Los ricos tampoco son felices

ricos

No son felices

          Una vez me encontré con un hombre de negocios, todo le salía bien; fue casual aquel saludo y entablamos una breve conversación. Vestía yo entonces los hábitos de la clerecía antigua: la clásica sotana que siempre causaba impresión y confería un prestigio notable. Aquel hombre se sinceró. Mire, Padre, me van bien mis negocios, no me puedo quejar; apenas me queda tiempo para pensar en cosas mayores, pero algunas veces me digo a mí mismo: “¡Cuánto mejor viven mis obreros el día a día! Y no digamos de quienes se entregan a los demás, como los misioneros. Yo apenas rezo, y me convendría hacerlo con más frecuencia…” Pronto se truncó aquella conversación interesante. Tenía prisa, nos despedimos y no volví a verlo más.

Ni ricos banqueros jubilados con varios millones de euros de sueldo anuales; ni poderosos políticos; nadie encuentra su descanso en las fortunas ni en el poder ni en el placer. Nadie halla su dicha plena en el alma, hasta no haber entrado en el Cielo, en la plena comunión y posesión de Dios, nuestro fin. Quien se esfuerza aquí por su vida espiritual siente una atracción irresistible hacia su centro, Dios, y se encuentra más dichoso.

 Soy consciente, mientras me hallo en la tierra Dios está en mí, en lo más profundo de mi ser; Él me conserva la vida, me mantiene en su gracia, me acompaña, Padre solícito, Él alivia mi debilidad de hombre, con Él soy fuerte y puedo perseverar. Me mira, me conduce, me alienta, me enseña a amar a mis semejantes. Pero la impotencia de mi cuerpo impide que le admire como me gustaría, en su hermosura total. Echo la mano al Kempis y leo: “¿Cómo se puede amar una vida llena de amarguras, sujeta a tantas miserias?” A pesar de todo, la amo; sí, Dios me manda quererla, Él me la ha dado, pero la amo muy por encima de lo que debiera, me agarro a ella como la hiedra al muro.

 Leía de un fraile carmelita, Juan de Jesús María: miraba con mucha fe la Sagrada Eucaristía en el memento de difuntos, y le pareció escuchar la voz de Dios que le decía: “¿Quieres que corra los velos?” Él contestó: “No, si no es para siempre”. Lo llego a entender de verdad, y me gustaría sentirlo yo también.

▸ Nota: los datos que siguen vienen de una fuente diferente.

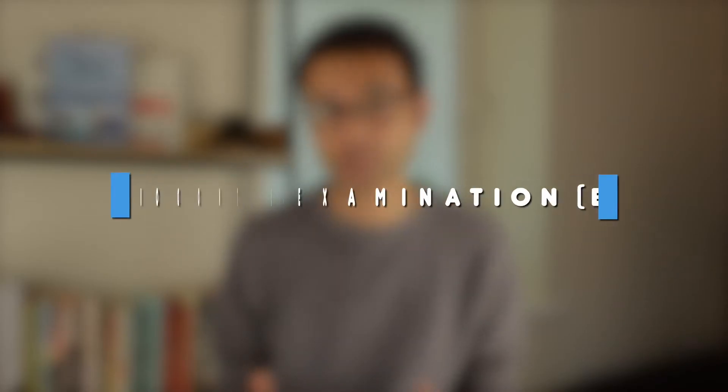Hi everyone, I'm Pratik, a dentist and specialty doctor, and in this video we're going to be looking at the basic periodontal examination and why we do it.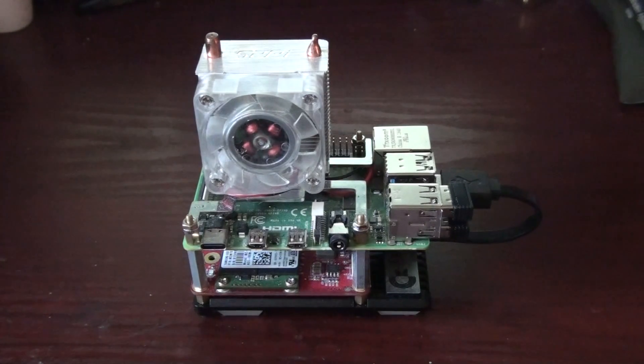Regards people, today I'm going to be introducing you to my three Raspberry Pi 4 computers that I've got.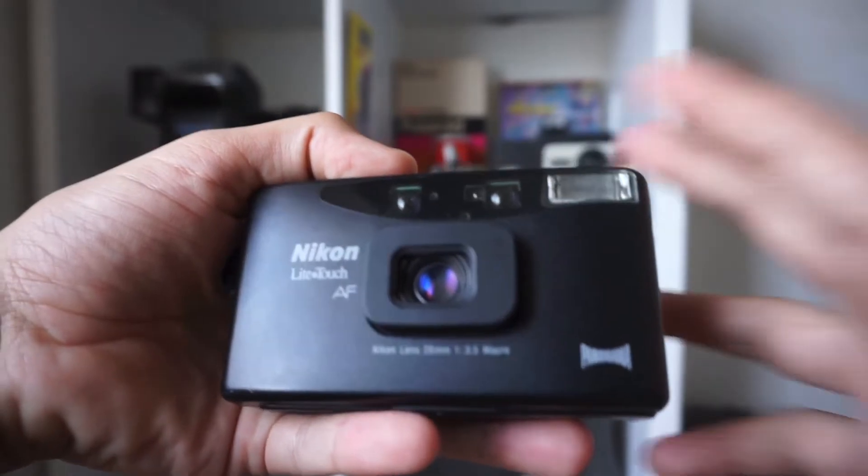Hey, it's Diego with Amazure Develop, and I'm talking about one of my favorite compact point and shoots. It is the Nikon Light Touch AF.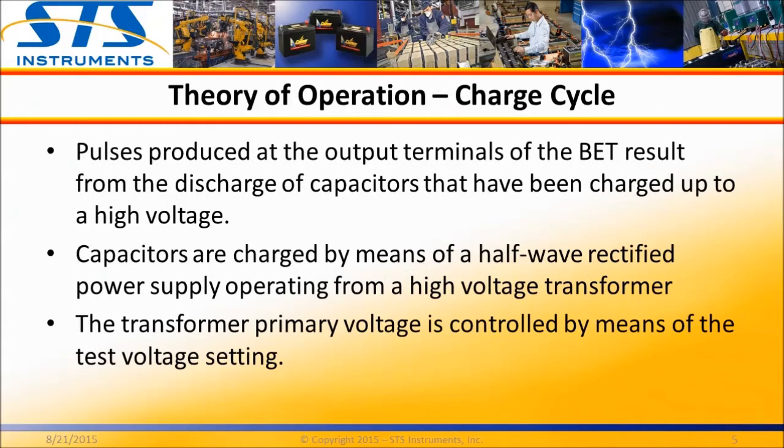To generate the required AC pulse output signal, a capacitor bank in the tester is charged to a user preset voltage level. The test voltage can be as low as 300 volts or as high as 3000 volts, and a high voltage transformer is used to reach these voltage levels.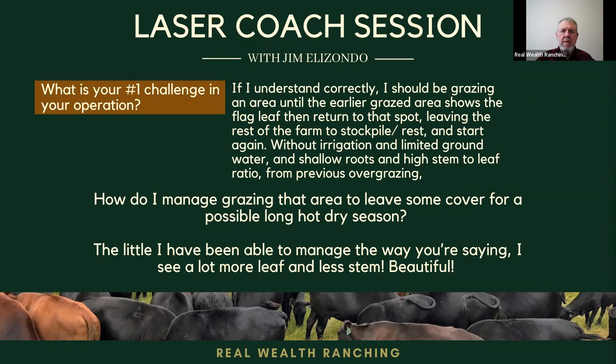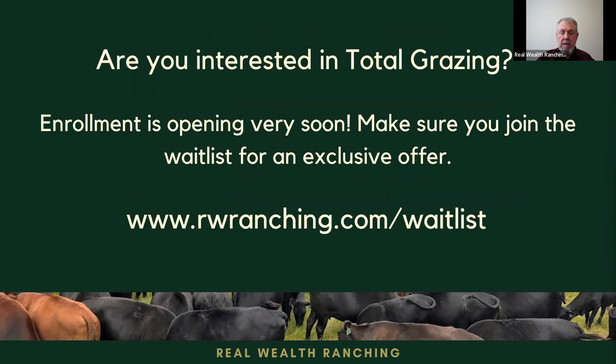I hope you like this. I will suggest that if you're interested in total grazing, enrollment is open very soon. Make sure to join the waitlist, because there everything is explained in detail. You get the online course to keep for life, Q&A sessions, and a lot more information where we explain everything from infrastructure all the way to why we do things and why they need to be done in a certain way. Thank you very much and hope to see you in the next laser core session.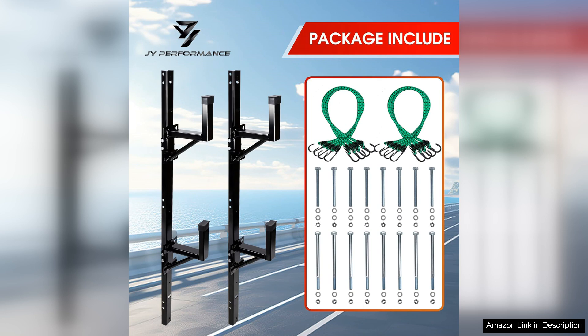In summary, the side-mount ladder rack is a fantastic investment for anyone who frequently transports ladders. Its adjustable design, robust construction, and ease of installation make it an excellent choice for both professionals and DIY enthusiasts. I highly recommend this ladder rack to anyone in need of a reliable and versatile solution for ladder storage and transport.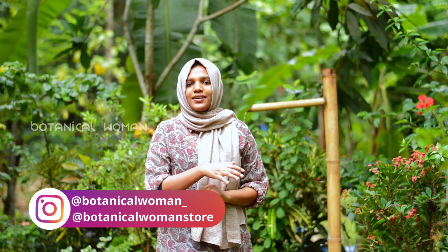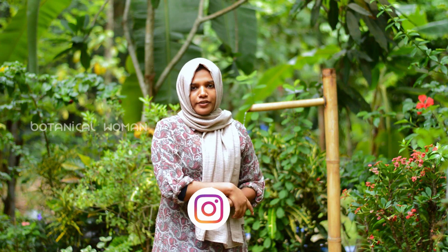This is the third view of the garden tour. This is a foundation. I'll show you how to do this.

Ojalá pudiera exclamar con el Apocalipsis: “Venid, Señor, que estoy esperando”. Así lo hacían los santos. Que al  menos nos dé santa envidia y no nos agarremos a este mundo con tanta fuerza.

 En nuestro silencio interior, en el fondo del alma, en la oscuridad de la fe, ¡vamos a mirar a nuestro Dios y a ofrecernos del todo, entregarle generosos la vida que nos ha dado para que cuando Él quiera la consume en la eternidad. ¡Oh la muerte de los santos! Aquellos muy jóvenes que sonrientes entregaban al Señor su alma en una muerte llamada prematura. “Tengo yo setenta, y me costaría”, decía, en cambio, una persona muy fervorosa, por cierto, pero que todavía se agarraba al presente. Los novicios de mi lectura, entregan al Señor su alma con gallarda alegría. Alegre ansia del alma por ver a Dios; así debiéramos ser todos también.